Having survived many traumas in my life since I was very young – incest, rape, domestic violence, attempted murder and widowhood, I have spent a lot of my life creating an illusion for others to perceive, in order to cover up what I felt were defects within me. I am a nerdy, bookish introvert in a family full of narcissistic, loud, extroverts. I am an extremely sensitive person in a group of people who slash with words and mock, slander, tear down and belittle others by ethnicity, religion, even regions where they live. I am a thinker in a group of doers; the more one does, the better life must be, right? A striver for simplicity in a group of accumulators. I am a quasi-liberal in a family of staunch conservatives. I am a loner in a covey of Quaker parrots. I care about how people feel, what they think, in a group that cares about what one wears, drives, looks like and lives in.

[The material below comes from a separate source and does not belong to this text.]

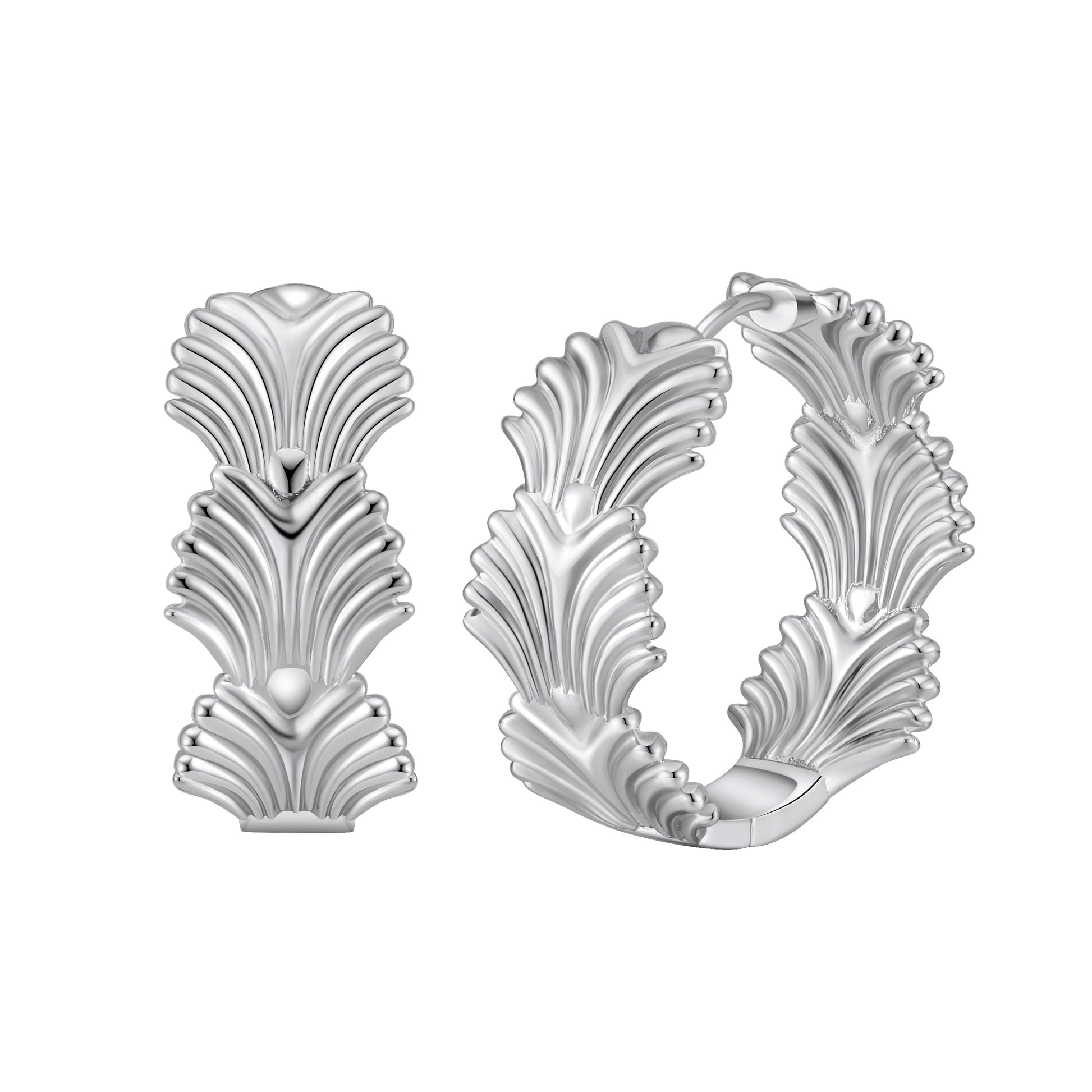 Chic foliage hoop earrings adorned with intricate leaf designs, crafted from durable sterling silver, perfect for adding a touch of nature-inspired elegance to any outfit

And every bit of that is just fine- for them, and for me. I. Am. Me. To be a successful person, a valid human being, does not mean that one must reflect what you are raised in. In fact, for me to be a successful person, I have had to deconstruct nearly everything I learned, saw, absorbed and was told. I am the one who threw the rock in the glass house, and in doing so, entered a different world by stepping over the shards and looking under and around them. Yes, you get cut on the pieces left in the frame sometimes. You discover that the glass provided as much strength to the frame, just as the frame held tightly to the glass. And once you are outside, you are viewed warily by those clinging to the shards, the splinters and the constraints.
I make mistakes. I will continue making them, I’m fairly certain, as long as I am breathing 🙂 It’s okay to be fallible. Really. Infallibility is just another part of the illusion-building. In other words, it is okay to be fully human. Do be prepared though, to own the consequences, unforeseeable as they sometimes are. Do not ever wear the straight-jacket of victimhood. There is life outside and past every trauma. Truly. I know. I live it.
So grab it. Pursue a dream. Drop one thing that isn’t really you, and feel the expansion in your skin. And smile, always.